It

Author: Stephen King

Rating: ⭐ 5/5

Date Read: 2025/03/20

Pages: 1156


“We all float down here.” - Pennywise

“Alright, already, we’ll all float on, alright
Don’t worry even if things end up a bit too heavy
We’ll all float on, alright.” - Modest Mouse

The threshold between childhood and adulthood feels murky while you’re crossing it. As an adult, it’s hard to remember the last time you turned off the lights downstairs, then ran up the stairs as fast as you could to keep the darkness from chasing you. But there was a last time, wasn’t there?
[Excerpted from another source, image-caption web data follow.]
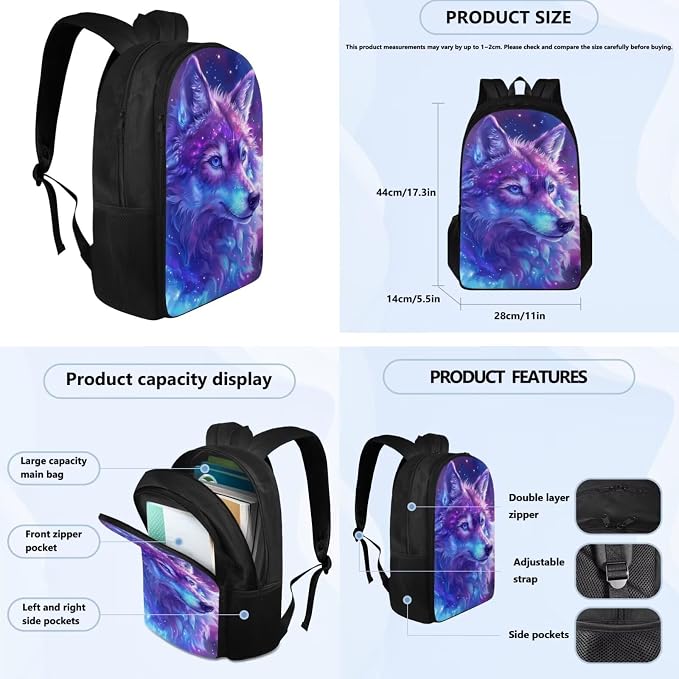 Galaxy Wolf Backpack for Girls Boys Backpack with Lunch Box Water Bottle Carrier with Strap and Big Pencil Case 4PCS Bookbag with Compartments for School 17 inch Sturdy School Bag for Kids - Image 4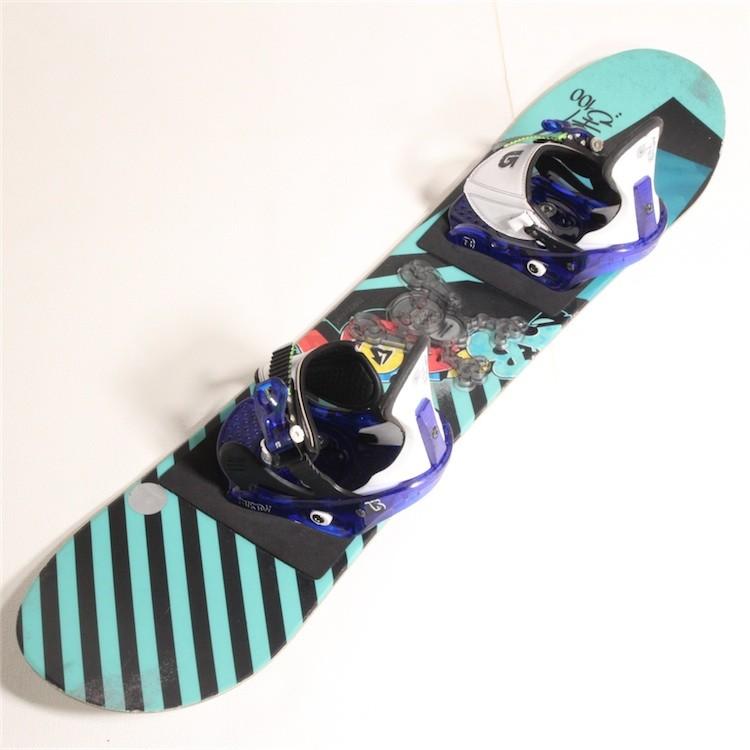 与え Burton Chopper Grom 2点セット サイズ100cm 中古 スノーボード ボードセット スノボ 板 ビンディング バートン チョッパー グロム キッズ 子供用 型落ち
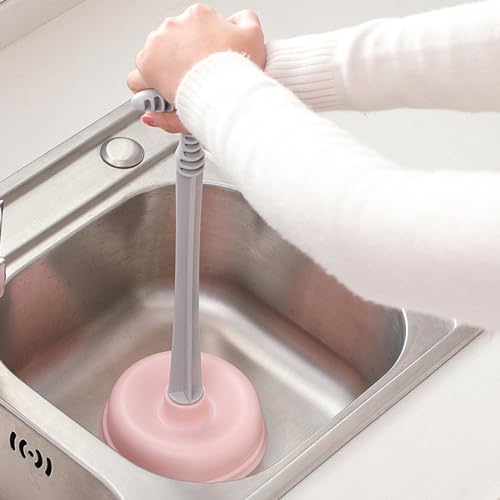 Image of Generic Toilet Plunger, Rubber Plastic Strong Suction Plunger Plungers for Bathroom Bathroom Accessories Toilet Drain Plunger for Kitchens, Baths, Showers, Powerful Commercia,, Pink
IT is not a story about an evil clown. While it is a masterwork of eldritch horror, the genre is simply a means to an end. No, IT is at once a Bildungsroman that captures the transition away from childhood, and an examination of the effect of childhood trauma. IT is an ouroboros of a story, which is why it’s going to take me awhile to wrap my head around it.

One idea from IT that fascinates me is how adults forget the things that seemed important to them as children. I’ve experienced the existential crisis of looking through old yearbooks and not recognizing the people I posed with in candid shots. Classmates signed the pages with references to inside jokes that I don’t remember. Facing the fallibility of remembrance is terrifying. That’s part of what makes IT universally scary.